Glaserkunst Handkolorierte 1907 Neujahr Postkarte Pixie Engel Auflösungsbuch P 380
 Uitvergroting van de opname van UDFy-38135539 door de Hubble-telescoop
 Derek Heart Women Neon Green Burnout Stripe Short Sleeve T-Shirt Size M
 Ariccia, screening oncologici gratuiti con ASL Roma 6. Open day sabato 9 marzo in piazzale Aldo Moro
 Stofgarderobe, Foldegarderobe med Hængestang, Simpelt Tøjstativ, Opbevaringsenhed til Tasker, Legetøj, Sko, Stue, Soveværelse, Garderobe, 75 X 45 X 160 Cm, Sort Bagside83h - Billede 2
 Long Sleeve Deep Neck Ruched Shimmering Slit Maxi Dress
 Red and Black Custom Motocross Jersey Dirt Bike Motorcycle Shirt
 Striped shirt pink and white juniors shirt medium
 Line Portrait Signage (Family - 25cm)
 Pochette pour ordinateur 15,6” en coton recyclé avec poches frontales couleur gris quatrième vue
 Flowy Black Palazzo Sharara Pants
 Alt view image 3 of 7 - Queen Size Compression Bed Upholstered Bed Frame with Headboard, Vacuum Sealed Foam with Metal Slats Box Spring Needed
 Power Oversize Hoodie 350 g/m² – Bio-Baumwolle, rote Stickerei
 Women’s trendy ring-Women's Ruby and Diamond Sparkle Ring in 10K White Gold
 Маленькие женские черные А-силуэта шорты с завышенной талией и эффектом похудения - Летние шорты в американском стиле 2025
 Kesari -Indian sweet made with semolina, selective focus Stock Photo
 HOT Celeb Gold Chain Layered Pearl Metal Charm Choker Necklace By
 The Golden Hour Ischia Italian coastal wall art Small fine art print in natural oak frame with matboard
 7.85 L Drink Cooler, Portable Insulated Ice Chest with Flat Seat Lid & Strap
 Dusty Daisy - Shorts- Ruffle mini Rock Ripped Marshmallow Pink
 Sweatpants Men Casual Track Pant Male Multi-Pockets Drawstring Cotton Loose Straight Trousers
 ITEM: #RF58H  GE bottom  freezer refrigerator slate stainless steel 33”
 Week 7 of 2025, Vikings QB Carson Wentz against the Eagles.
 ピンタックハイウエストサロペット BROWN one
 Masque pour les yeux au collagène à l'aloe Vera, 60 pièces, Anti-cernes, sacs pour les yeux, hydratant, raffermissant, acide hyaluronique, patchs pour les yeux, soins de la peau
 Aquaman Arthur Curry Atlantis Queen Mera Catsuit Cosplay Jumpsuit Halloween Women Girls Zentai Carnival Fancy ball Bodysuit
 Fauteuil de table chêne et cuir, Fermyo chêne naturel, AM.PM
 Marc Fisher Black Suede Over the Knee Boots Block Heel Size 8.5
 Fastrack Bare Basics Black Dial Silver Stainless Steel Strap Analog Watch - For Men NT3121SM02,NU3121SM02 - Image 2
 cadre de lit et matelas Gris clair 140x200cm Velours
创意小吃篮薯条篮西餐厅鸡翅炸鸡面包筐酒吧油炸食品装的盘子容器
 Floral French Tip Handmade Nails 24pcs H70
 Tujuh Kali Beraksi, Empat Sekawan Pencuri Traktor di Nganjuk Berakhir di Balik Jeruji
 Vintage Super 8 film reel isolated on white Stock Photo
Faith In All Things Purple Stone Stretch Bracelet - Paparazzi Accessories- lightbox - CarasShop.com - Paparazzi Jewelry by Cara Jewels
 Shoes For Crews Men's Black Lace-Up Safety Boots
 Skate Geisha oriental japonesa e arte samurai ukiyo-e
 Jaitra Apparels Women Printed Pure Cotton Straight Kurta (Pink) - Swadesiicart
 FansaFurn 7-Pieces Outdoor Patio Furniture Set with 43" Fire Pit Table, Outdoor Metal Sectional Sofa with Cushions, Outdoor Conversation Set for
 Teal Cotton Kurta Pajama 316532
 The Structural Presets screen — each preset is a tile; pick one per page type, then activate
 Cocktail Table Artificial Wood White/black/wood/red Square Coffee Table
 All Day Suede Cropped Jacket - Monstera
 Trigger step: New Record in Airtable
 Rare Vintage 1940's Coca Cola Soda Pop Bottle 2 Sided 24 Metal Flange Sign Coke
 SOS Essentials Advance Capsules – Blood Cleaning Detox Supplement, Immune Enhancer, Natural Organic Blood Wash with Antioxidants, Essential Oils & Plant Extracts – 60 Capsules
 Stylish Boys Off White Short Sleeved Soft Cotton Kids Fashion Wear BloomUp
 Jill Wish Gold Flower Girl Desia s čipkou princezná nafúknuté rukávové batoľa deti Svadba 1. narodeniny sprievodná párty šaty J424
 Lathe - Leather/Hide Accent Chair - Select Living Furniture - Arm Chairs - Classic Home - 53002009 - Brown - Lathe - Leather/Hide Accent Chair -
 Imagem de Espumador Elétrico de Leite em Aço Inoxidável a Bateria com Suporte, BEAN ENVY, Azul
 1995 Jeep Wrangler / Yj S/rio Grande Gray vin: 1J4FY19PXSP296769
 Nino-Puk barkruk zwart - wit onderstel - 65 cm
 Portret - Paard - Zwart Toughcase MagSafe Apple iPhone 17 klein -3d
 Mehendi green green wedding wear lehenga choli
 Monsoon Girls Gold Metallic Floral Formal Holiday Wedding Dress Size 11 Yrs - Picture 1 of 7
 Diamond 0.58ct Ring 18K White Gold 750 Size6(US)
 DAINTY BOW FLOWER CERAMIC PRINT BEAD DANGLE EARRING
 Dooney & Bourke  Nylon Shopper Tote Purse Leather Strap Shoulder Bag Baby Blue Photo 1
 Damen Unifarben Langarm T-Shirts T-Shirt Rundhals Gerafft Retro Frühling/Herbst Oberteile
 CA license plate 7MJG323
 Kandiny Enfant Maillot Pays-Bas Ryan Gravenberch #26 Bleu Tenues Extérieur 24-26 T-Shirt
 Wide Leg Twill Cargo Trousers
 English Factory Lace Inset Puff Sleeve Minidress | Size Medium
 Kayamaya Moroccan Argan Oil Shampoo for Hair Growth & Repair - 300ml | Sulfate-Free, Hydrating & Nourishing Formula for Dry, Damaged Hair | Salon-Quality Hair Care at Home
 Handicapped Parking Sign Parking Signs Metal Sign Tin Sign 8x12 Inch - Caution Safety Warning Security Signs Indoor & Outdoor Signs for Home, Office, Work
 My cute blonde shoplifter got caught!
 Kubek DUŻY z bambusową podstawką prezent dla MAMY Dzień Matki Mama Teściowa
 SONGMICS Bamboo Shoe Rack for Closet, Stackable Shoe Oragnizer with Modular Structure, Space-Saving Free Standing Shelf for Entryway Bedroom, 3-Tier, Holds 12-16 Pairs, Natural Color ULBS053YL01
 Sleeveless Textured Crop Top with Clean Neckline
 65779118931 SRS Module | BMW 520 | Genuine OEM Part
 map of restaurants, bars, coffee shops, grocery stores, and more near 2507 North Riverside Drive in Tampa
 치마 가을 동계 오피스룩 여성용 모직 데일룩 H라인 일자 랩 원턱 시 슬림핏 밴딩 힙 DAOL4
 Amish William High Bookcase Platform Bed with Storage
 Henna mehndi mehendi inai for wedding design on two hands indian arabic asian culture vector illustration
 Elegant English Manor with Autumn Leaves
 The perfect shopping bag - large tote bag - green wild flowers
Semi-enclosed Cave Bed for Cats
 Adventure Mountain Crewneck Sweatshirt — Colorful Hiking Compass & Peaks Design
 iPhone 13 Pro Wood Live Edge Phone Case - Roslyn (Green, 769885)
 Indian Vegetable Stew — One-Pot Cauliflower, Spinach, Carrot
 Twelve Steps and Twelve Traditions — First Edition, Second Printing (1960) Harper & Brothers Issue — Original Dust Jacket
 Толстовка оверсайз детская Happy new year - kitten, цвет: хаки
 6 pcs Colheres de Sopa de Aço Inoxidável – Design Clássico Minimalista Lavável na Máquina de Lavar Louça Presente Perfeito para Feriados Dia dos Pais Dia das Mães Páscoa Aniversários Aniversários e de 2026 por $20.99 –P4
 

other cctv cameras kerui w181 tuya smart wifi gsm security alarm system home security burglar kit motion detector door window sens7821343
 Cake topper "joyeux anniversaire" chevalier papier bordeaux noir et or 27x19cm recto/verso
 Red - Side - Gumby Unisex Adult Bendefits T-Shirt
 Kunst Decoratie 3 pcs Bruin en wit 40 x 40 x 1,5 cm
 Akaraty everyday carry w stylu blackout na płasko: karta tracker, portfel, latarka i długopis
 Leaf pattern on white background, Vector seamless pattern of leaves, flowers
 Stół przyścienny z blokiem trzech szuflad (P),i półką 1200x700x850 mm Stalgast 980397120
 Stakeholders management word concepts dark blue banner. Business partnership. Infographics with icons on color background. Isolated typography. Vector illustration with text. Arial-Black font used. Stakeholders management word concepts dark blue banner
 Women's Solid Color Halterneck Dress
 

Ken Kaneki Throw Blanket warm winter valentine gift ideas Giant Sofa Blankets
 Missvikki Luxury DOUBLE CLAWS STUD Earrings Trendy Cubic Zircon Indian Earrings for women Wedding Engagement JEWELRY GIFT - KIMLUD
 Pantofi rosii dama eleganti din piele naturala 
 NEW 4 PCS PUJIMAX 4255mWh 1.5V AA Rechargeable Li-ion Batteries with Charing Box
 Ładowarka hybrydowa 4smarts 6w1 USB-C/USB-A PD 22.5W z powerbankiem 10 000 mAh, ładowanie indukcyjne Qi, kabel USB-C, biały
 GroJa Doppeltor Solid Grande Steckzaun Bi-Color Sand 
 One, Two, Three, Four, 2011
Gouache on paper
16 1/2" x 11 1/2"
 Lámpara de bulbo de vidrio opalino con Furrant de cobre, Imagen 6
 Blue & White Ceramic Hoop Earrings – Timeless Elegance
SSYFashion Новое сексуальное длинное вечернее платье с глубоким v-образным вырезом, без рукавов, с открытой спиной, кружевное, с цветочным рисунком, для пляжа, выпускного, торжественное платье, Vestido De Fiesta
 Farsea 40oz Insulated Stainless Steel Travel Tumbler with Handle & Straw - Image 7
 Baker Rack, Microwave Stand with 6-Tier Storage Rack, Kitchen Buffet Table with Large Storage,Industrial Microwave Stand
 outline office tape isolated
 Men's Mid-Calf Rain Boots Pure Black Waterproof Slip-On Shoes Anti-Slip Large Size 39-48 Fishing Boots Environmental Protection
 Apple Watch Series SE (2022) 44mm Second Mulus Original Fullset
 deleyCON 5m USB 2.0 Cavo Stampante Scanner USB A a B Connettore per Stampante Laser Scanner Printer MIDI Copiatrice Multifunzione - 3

## WHAT YOU ARE ASKED TO DO
Begin with the first line of the listing above and write out each line exactly, ending with the line that contains "7.85 L Drink".

## EXPECTED ANSWER
Glaserkunst Handkolorierte 1907 Neujahr Postkarte Pixie Engel Auflösungsbuch P 380
 Uitvergroting van de opname van UDFy-38135539 door de Hubble-telescoop
 Derek Heart Women Neon Green Burnout Stripe Short Sleeve T-Shirt Size M
 Ariccia, screening oncologici gratuiti con ASL Roma 6. Open day sabato 9 marzo in piazzale Aldo Moro
 Stofgarderobe, Foldegarderobe med Hængestang, Simpelt Tøjstativ, Opbevaringsenhed til Tasker, Legetøj, Sko, Stue, Soveværelse, Garderobe, 75 X 45 X 160 Cm, Sort Bagside83h - Billede 2
 Long Sleeve Deep Neck Ruched Shimmering Slit Maxi Dress
 Red and Black Custom Motocross Jersey Dirt Bike Motorcycle Shirt
 Striped shirt pink and white juniors shirt medium
 Line Portrait Signage (Family - 25cm)
 Pochette pour ordinateur 15,6” en coton recyclé avec poches frontales couleur gris quatrième vue
 Flowy Black Palazzo Sharara Pants
 Alt view image 3 of 7 - Queen Size Compression Bed Upholstered Bed Frame with Headboard, Vacuum Sealed Foam with Metal Slats Box Spring Needed
 Power Oversize Hoodie 350 g/m² – Bio-Baumwolle, rote Stickerei
 Women’s trendy ring-Women's Ruby and Diamond Sparkle Ring in 10K White Gold
 Маленькие женские черные А-силуэта шорты с завышенной талией и эффектом похудения - Летние шорты в американском стиле 2025
 Kesari -Indian sweet made with semolina, selective focus Stock Photo
 HOT Celeb Gold Chain Layered Pearl Metal Charm Choker Necklace By
 The Golden Hour Ischia Italian coastal wall art Small fine art print in natural oak frame with matboard
 7.85 L Drink Cooler, Portable Insulated Ice Chest with Flat Seat Lid & Strap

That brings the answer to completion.